VIX Index’s Only Rival Facing Extinction
The Chicago Board Options Exchange (CBOE) Volatility Index, commonly known as the VIX, is the most widely used measure of stock market volatility. It is the only index of its kind, and has been the go-to measure of market volatility since its launch in 1993. However, the VIX has recently faced a challenge from a rival index, the Nasdaq-100 Volatility Index (VXN).
The Rise of the VXN
The VXN was launched in 2003 as a way to measure the volatility of the Nasdaq-100, a stock index that tracks the 100 largest non-financial companies listed on the Nasdaq stock exchange. The VXN was designed to be a more accurate measure of volatility than the VIX, as it was based on the actual prices of the stocks in the Nasdaq-100, rather than the prices of options contracts.
The VXN quickly gained popularity among traders and investors, as it was seen as a more accurate measure of market volatility. This led to a surge in trading volume for the VXN, and it soon became the second-most traded volatility index in the world.
The Battle for Market Share
The success of the VXN posed a threat to the VIX, as traders and investors began to shift their focus away from the VIX and towards the VXN. This led to a battle for market share between the two indices, with the VIX attempting to maintain its dominance and the VXN attempting to gain ground.
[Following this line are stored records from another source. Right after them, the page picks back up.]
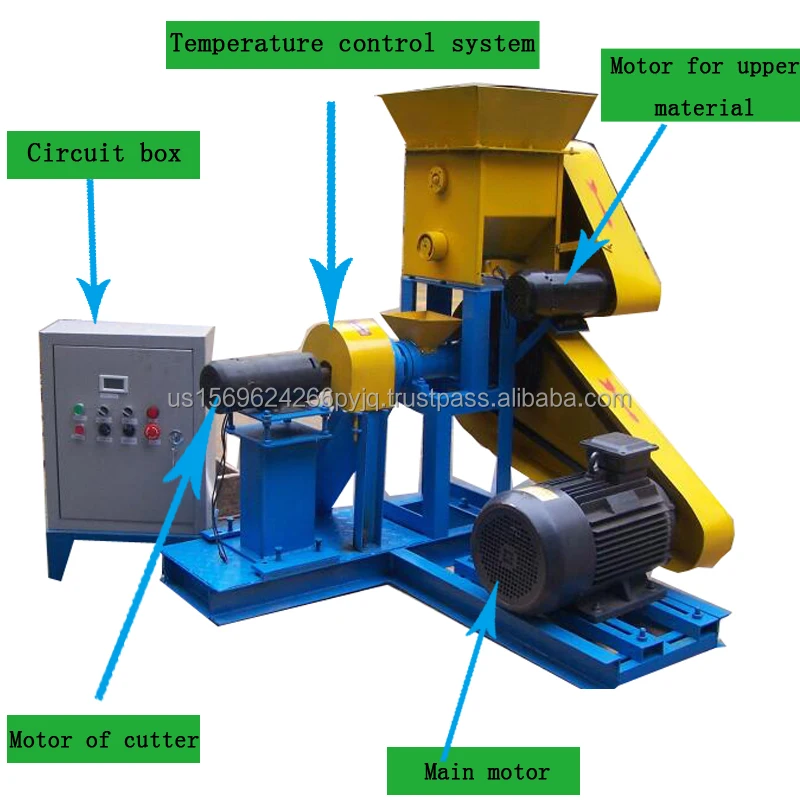 30-40kg/h Puffing Corn Rice Millet Grain Snack Food Making Extruder Machine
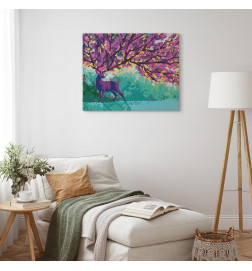 Quadro pintado por você - Purple Deer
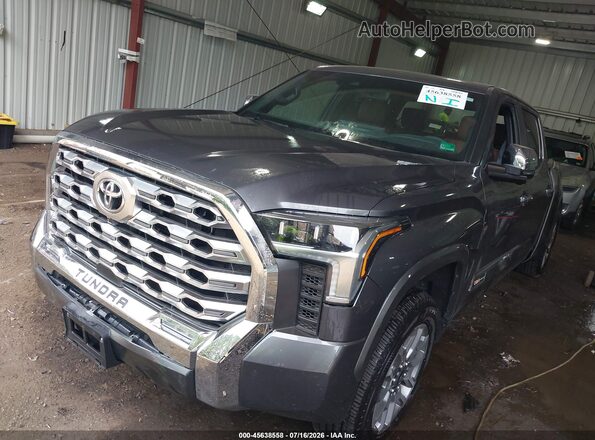 5TFMA5EC6TX052811 2026 TOYOTA TUNDRA Gray წინა მარცხენა ხედი სამი მეოთხედიდან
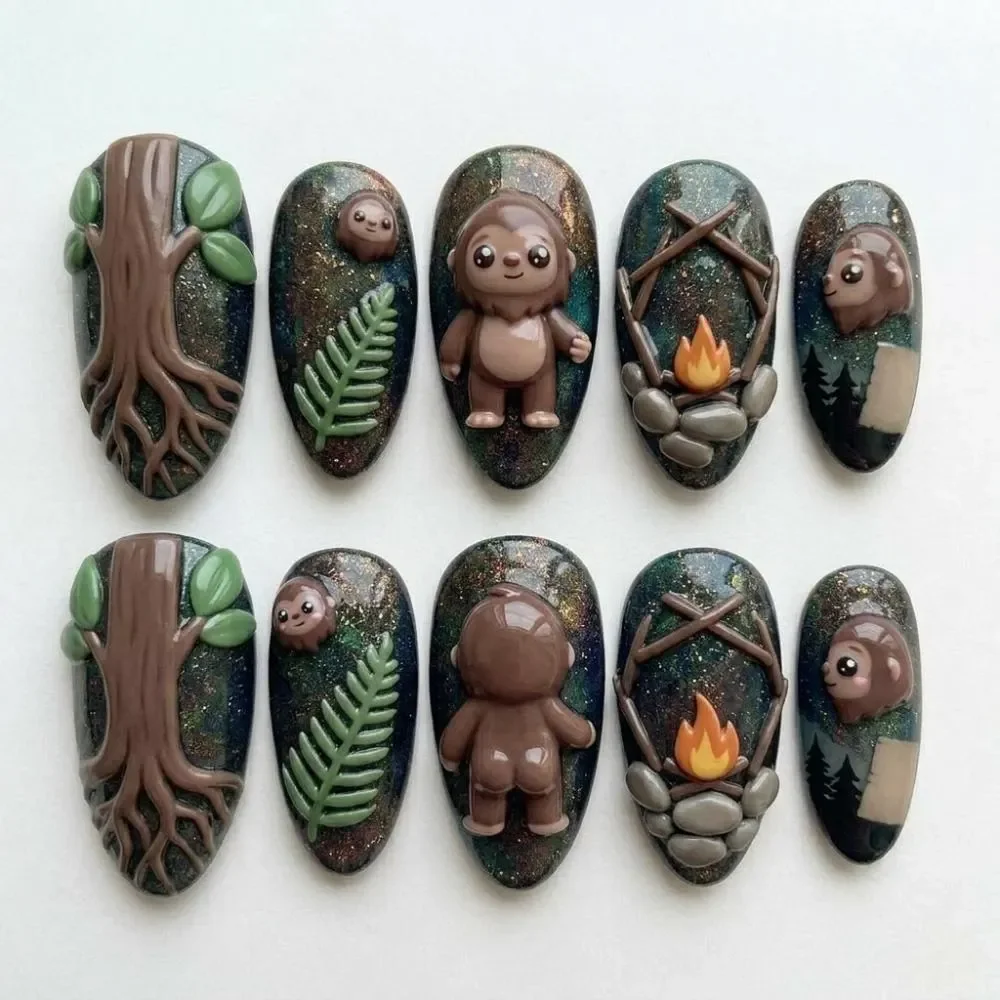 press on nails, custom press on nails, fake nails, Nails Art, stained glass nails, gold press on nails, 3d press on nails, luxury press on nails, handmade press on nails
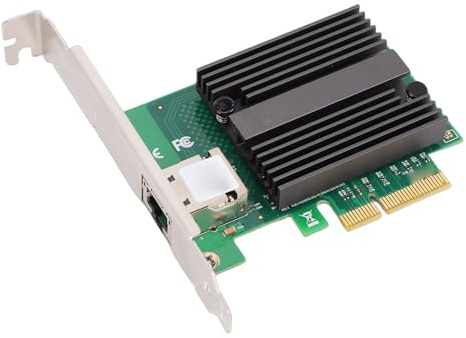 ZDAGELD 10 Gigabit Ethernet Nätverksadapter Gränssnittskort, Full Duplex PCIe X4 Interface, AQC113 Controller, Lämplig för Desktop, Server, NAS, Router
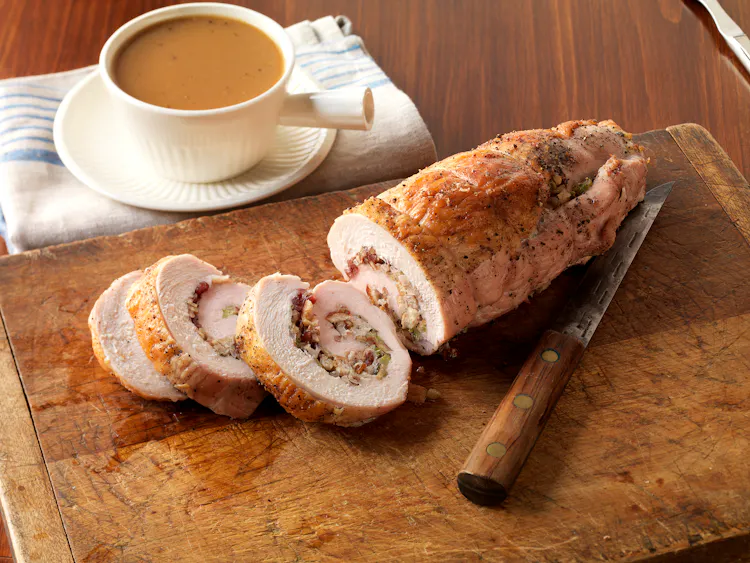 Turkey Breast with Cranberry-Pecan Stuffing | Poultry Recipes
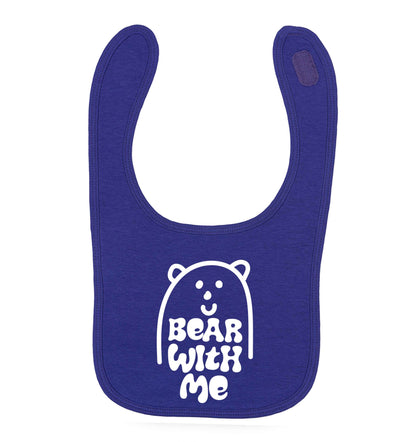 Bear With Me Kit purple baby bib
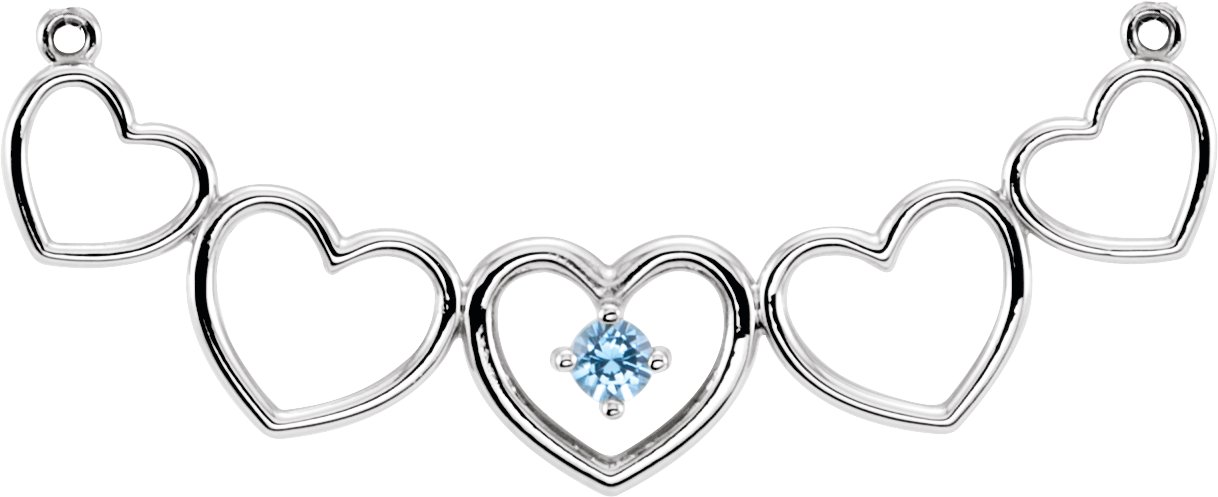 Family Heart Necklace or Center
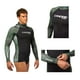 thumbnail image 4 of Playera para Caballero Cressi Cobia Hunter Manga Larga Talla L Verde, 4 of 4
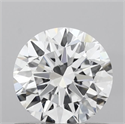Lab Grown Diamond 0.72 Carats, Round with Excellent Cut, D Color, VVS2 Clarity and Certified by IGI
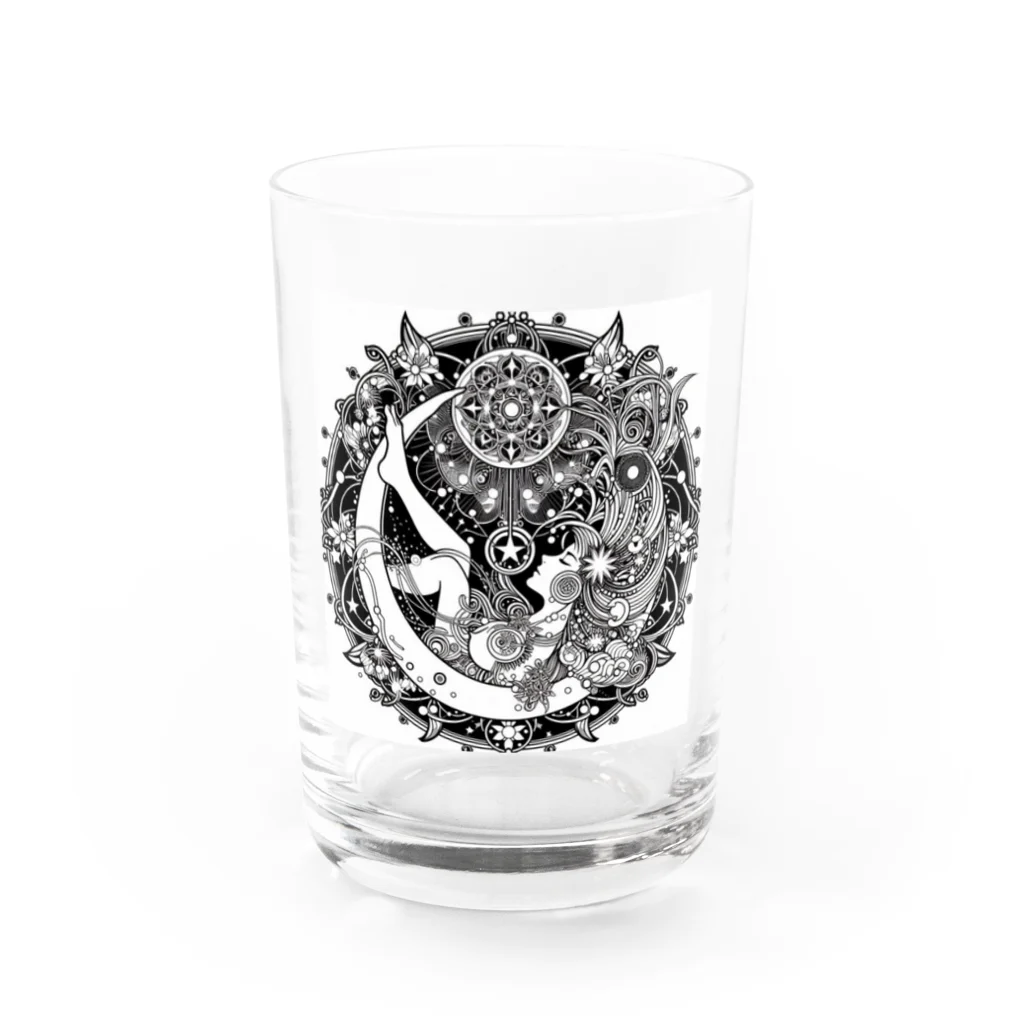 HIbIKingのmystical Water Glass :front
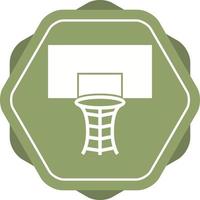 Beautiful Volleyball Hoop Glyph Vector Icon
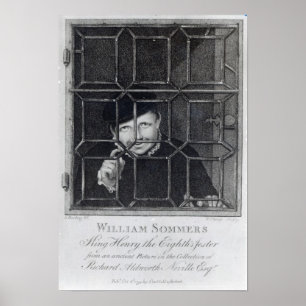 Póster Guillermo Sommers, grabado por R. Clamp, 1794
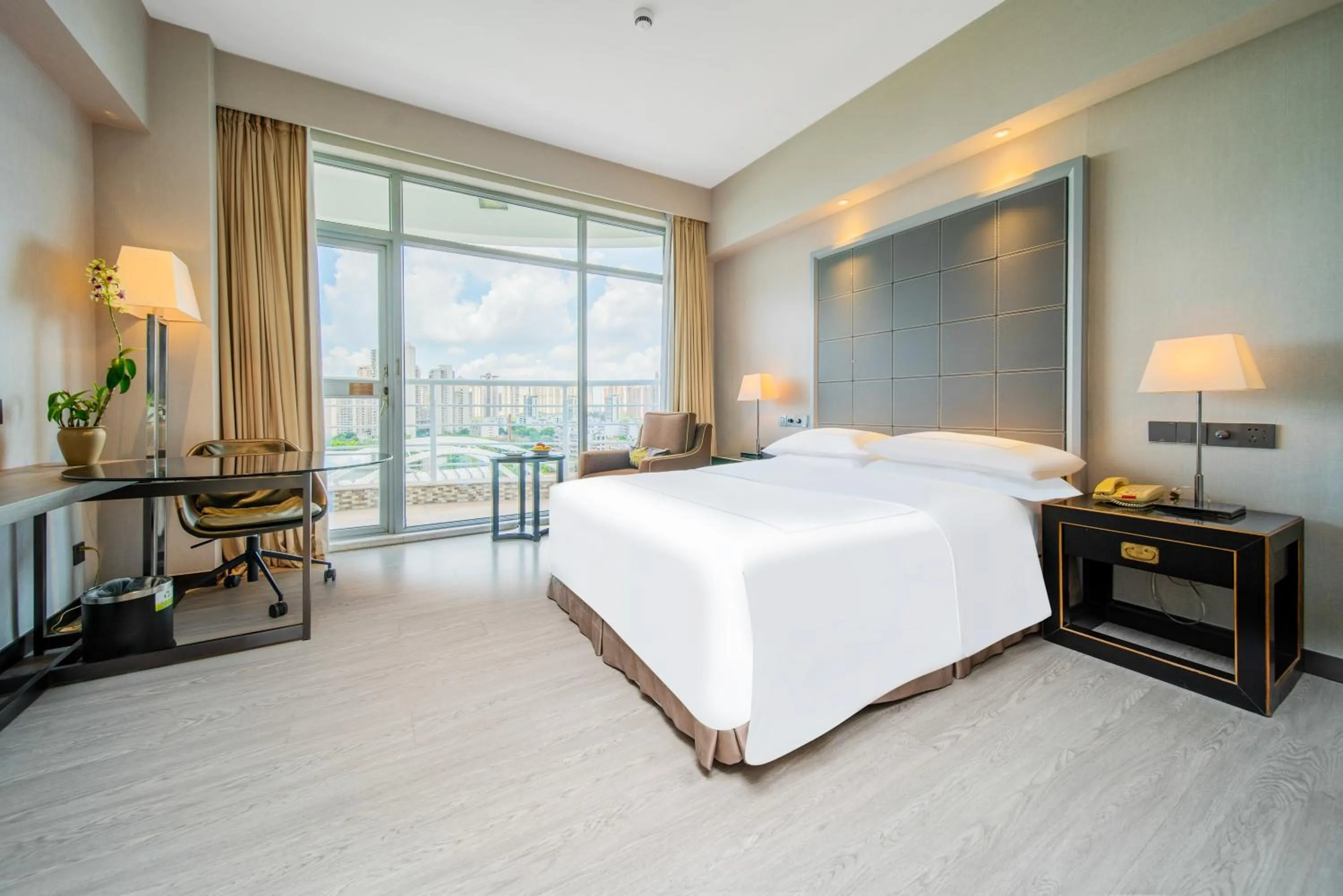 Bed in Hiyet Oriental Hotel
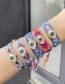 Fashion Color 7 Alloy Eye Woven Pattern Tassel Bracelet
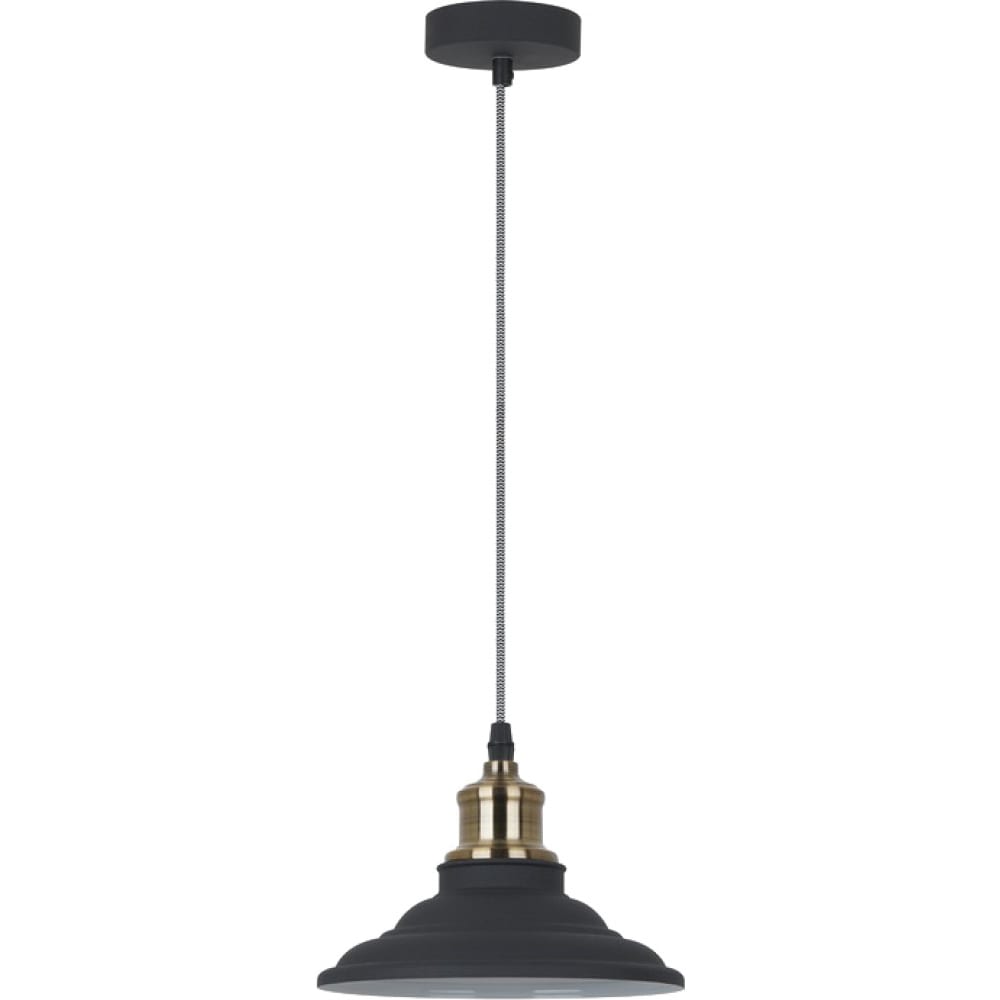 фото Подвесной светильник camelion pl-600 loft c67 черный+старинная медь 13414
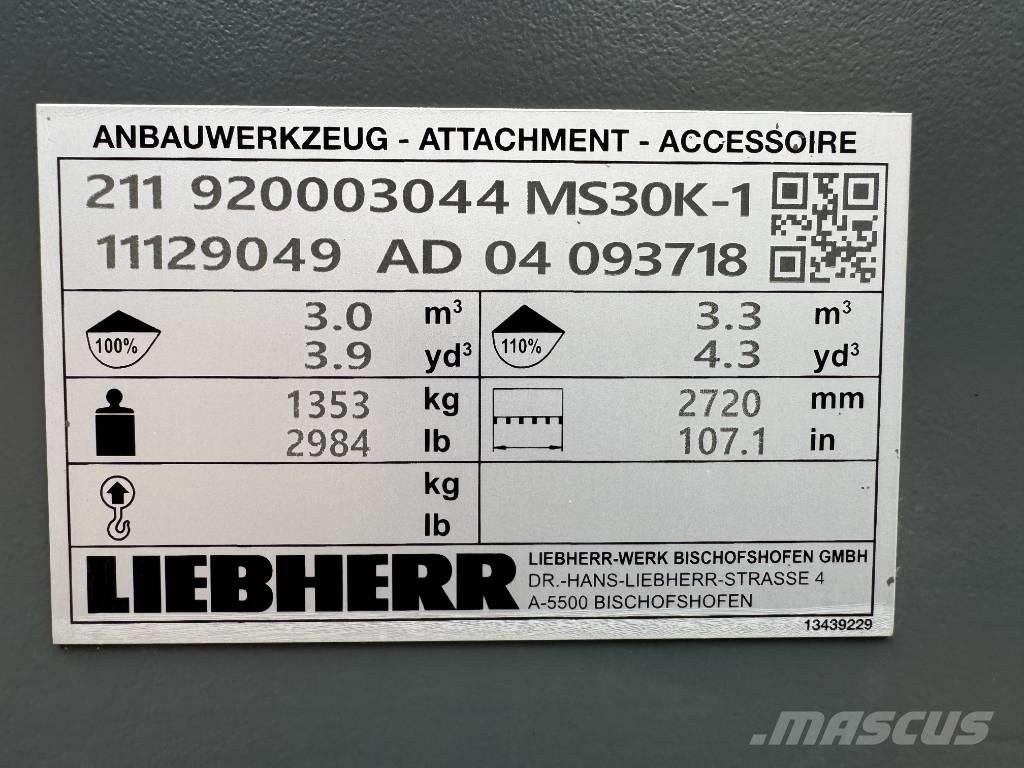 Liebherr L546 ホイールローダー・タイヤショベル
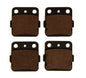 Front Semi-Metallic Brake Pads for Suzuki Quadsport 250 LT-Z250 LTZ250 2004-2009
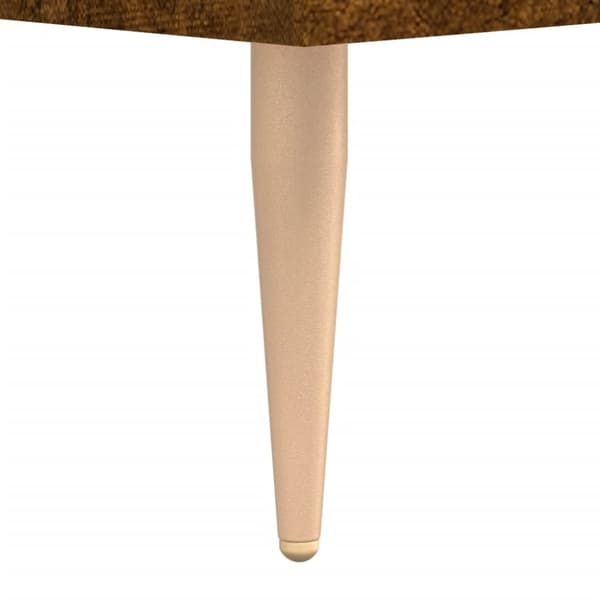 vidaXL Highboard røkt eik 34,5x34x180 cm konstruert tre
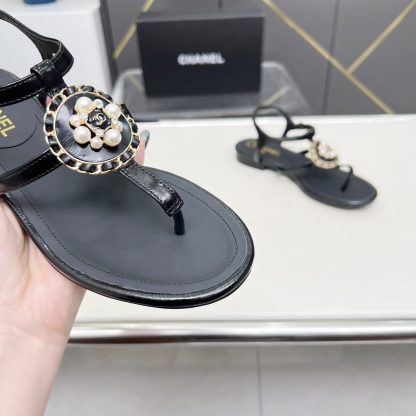 Chanel Spring-Summer Dance Shoes Collection New Black Retro Sandals - Image 6
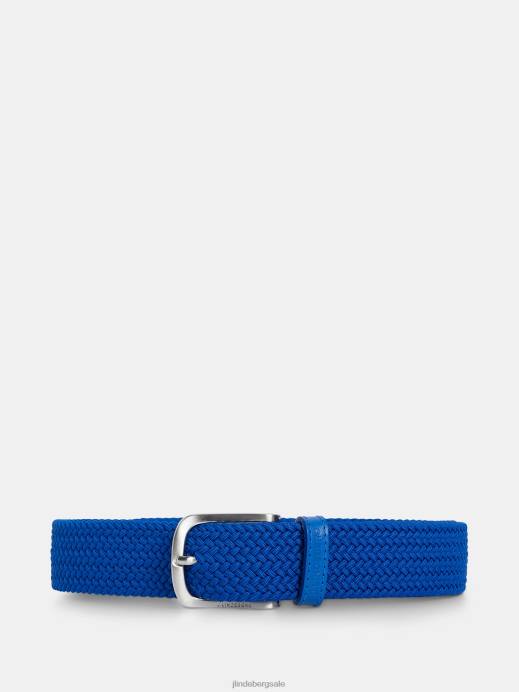 Men J.Lindeberg Lapis Blue Bernhard Elastic Belt Accessory 8R62855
The battle between the two indices intensified in 2018, when the CBOE filed a petition with the Securities and Exchange Commission (SEC) to limit the trading of the VXN. The petition was denied, and the VXN continued to gain ground on the VIX.
The End of the VXN?
The VXN’s success has been short-lived, however, as the SEC recently denied a petition from the CBOE to limit the trading of the VXN. This decision effectively kills the VXN, as it will no longer be able to compete with the VIX.
The decision to deny the petition was met with criticism from some traders and investors, who argued that the VXN was a more accurate measure of market volatility than the VIX. However, the SEC argued that the VXN was not a necessary or beneficial addition to the market, and that it should be eliminated in order to protect investors.
The Future of the VIX
With the VXN now effectively dead, the VIX is once again the only index of its kind. This means that the VIX will remain the go-to measure of market volatility for the foreseeable future.
The VIX is likely to remain the dominant index for some time, as it is the most widely used measure of stock market volatility. However, it is possible that a new index could emerge in the future to challenge the VIX. Until then, the VIX will remain the only index of its kind.